Records from a dataset:
===============

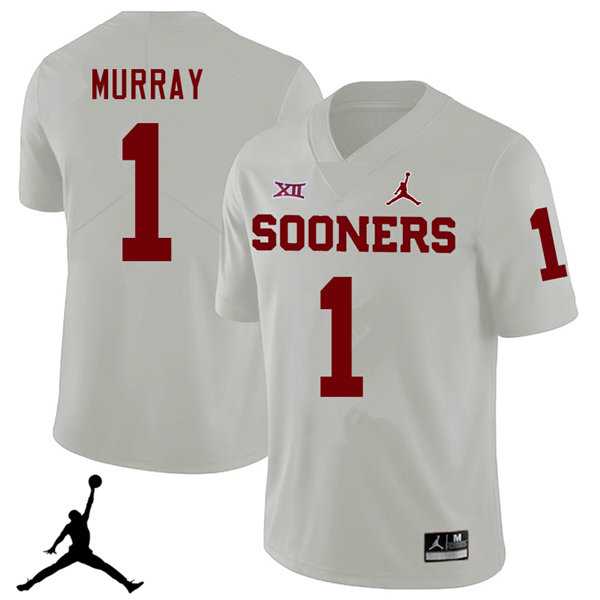 Jordan Brand Men's Oklahoma Sooners #1 Kyler Murray 2018 College Football Jerseys NCAA White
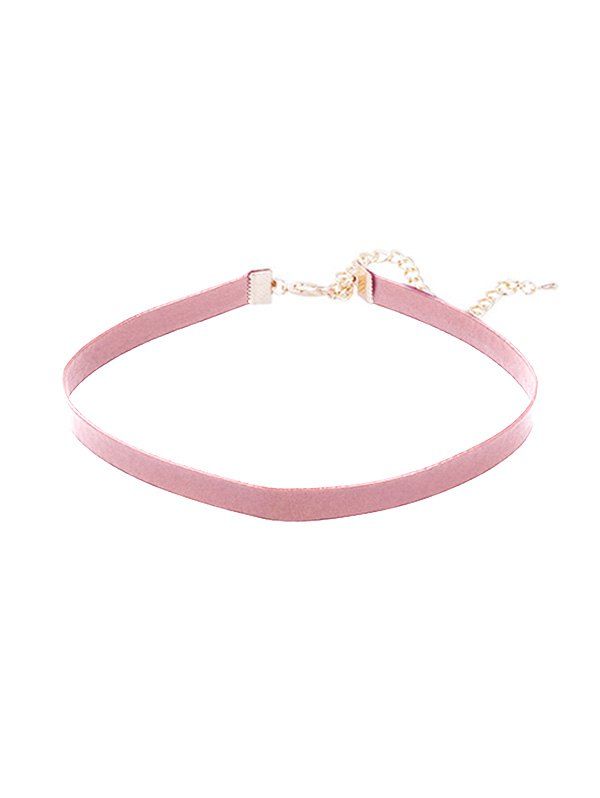 

Brief PU Choker Necklace, Pink rose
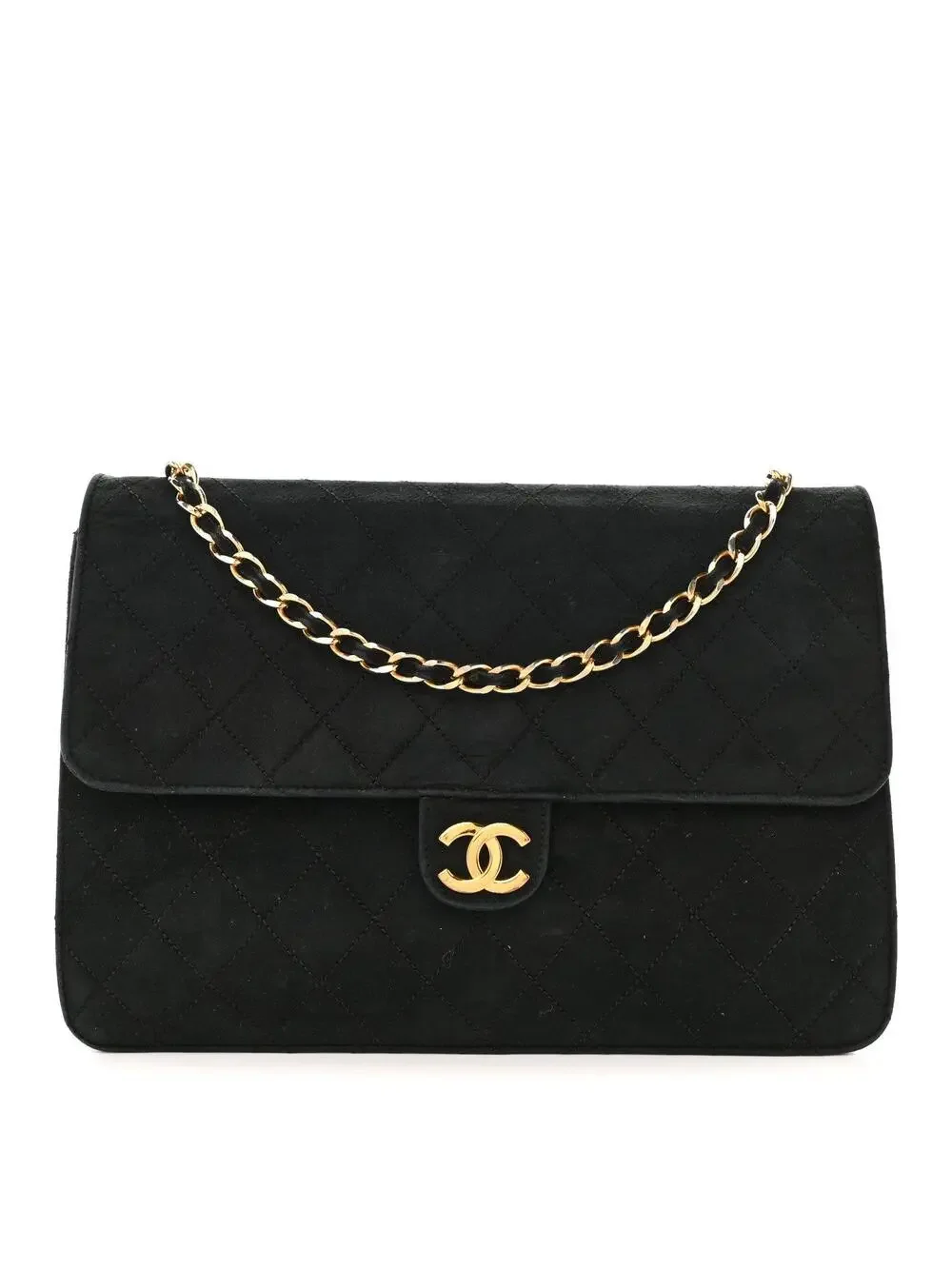 Chanel Suede Quilted Medium Single Flap #295679C22B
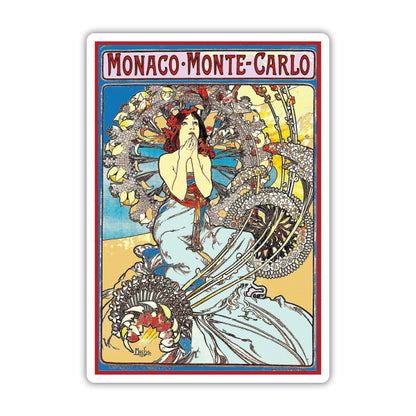Monaco Monte Carlo Alphonse Mucha Vintage Travel Sticker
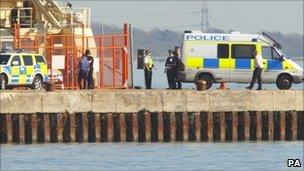 Police officers who were called to the shooting at Southampton docks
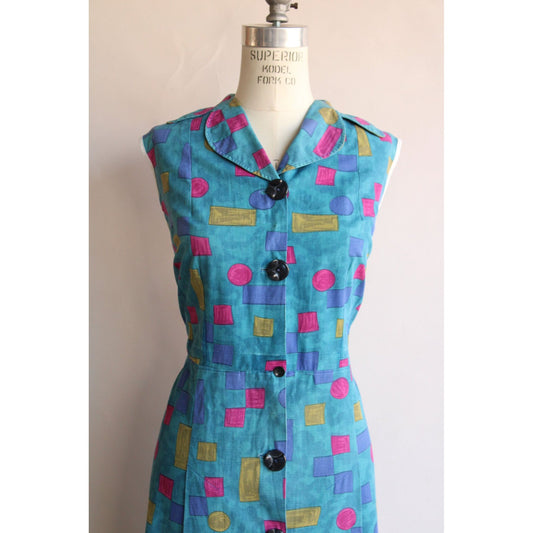 Vintage 1960s Blue Cotton Dress, Plus Size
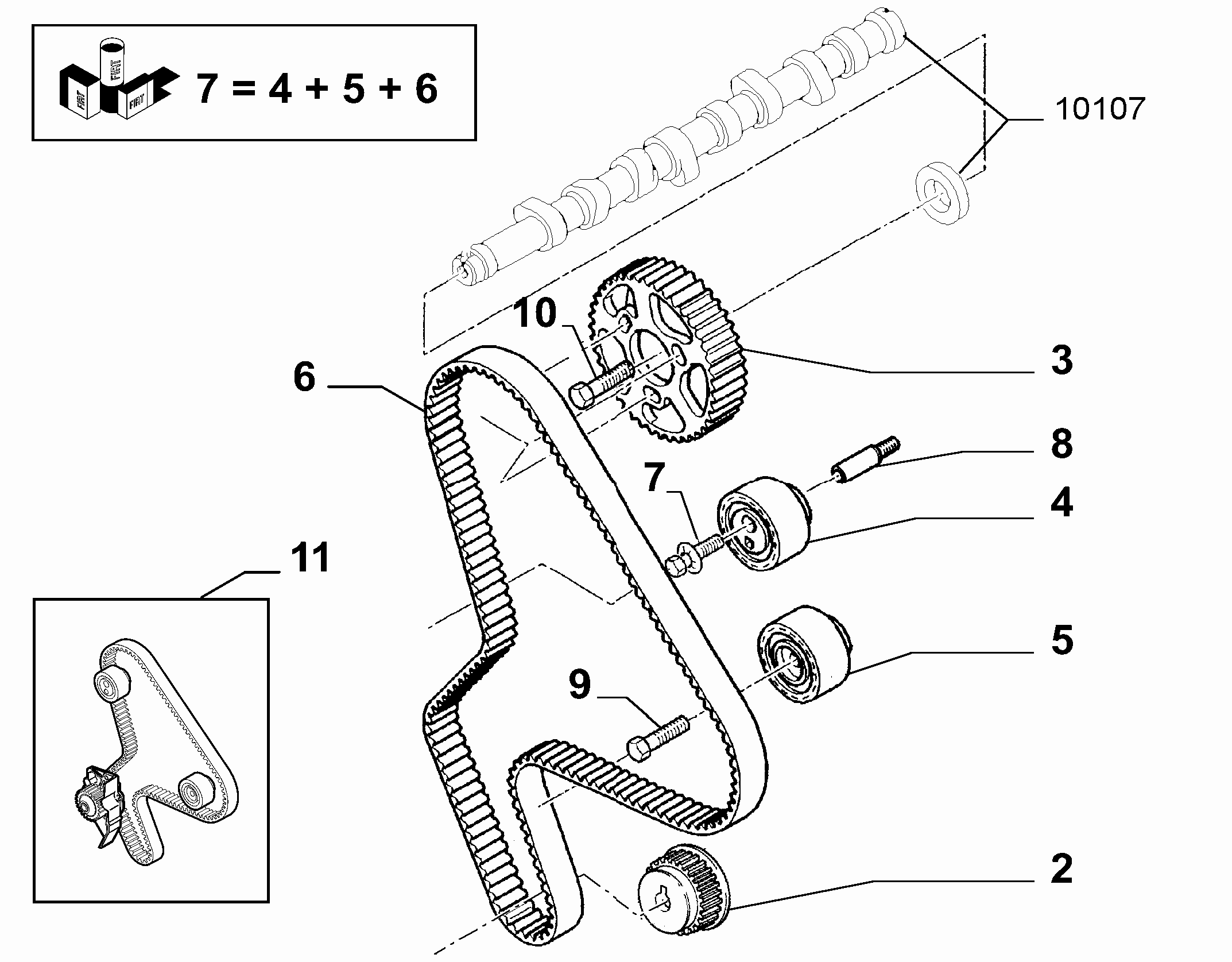 FIAT 9467626480 - Paskirstymo diržo komplektas onlydrive.pro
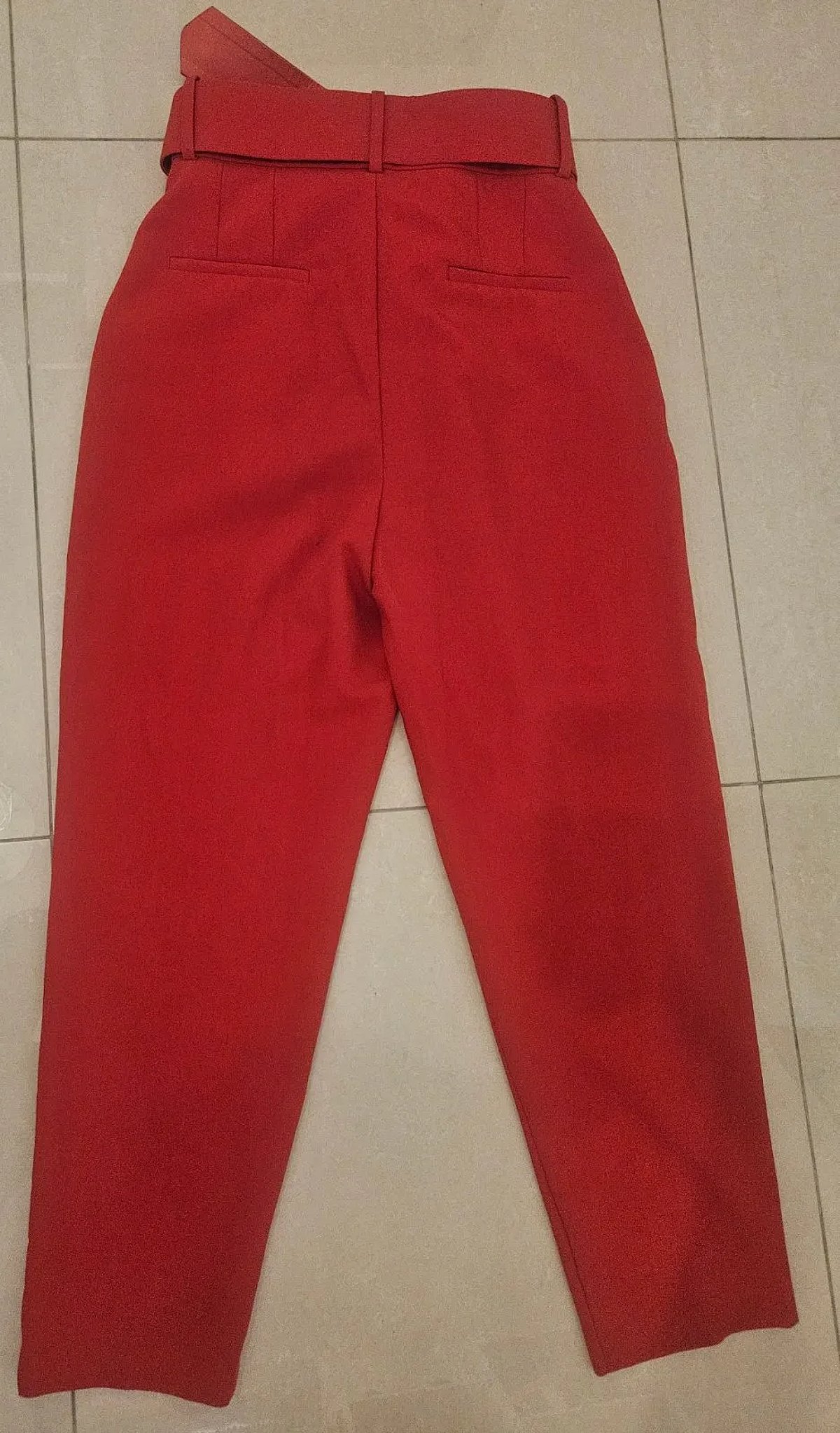 Red High-Waisted Belted Trousers, photo 2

===============

> [Task objective]:
Working from the line containing "Chanel Suede Quilted" to the last line of the data, retype every line exactly, both ends included, and leave out all pictures.

> [Your response]:
 Chanel Suede Quilted Medium Single Flap #295679C22B
Monaco Monte Carlo Alphonse Mucha Vintage Travel Sticker
 Police officers who were called to the shooting at Southampton docks
 Vintage 1960s Blue Cotton Dress, Plus Size
 FIAT 9467626480 - Paskirstymo diržo komplektas onlydrive.pro
 Red High-Waisted Belted Trousers, photo 2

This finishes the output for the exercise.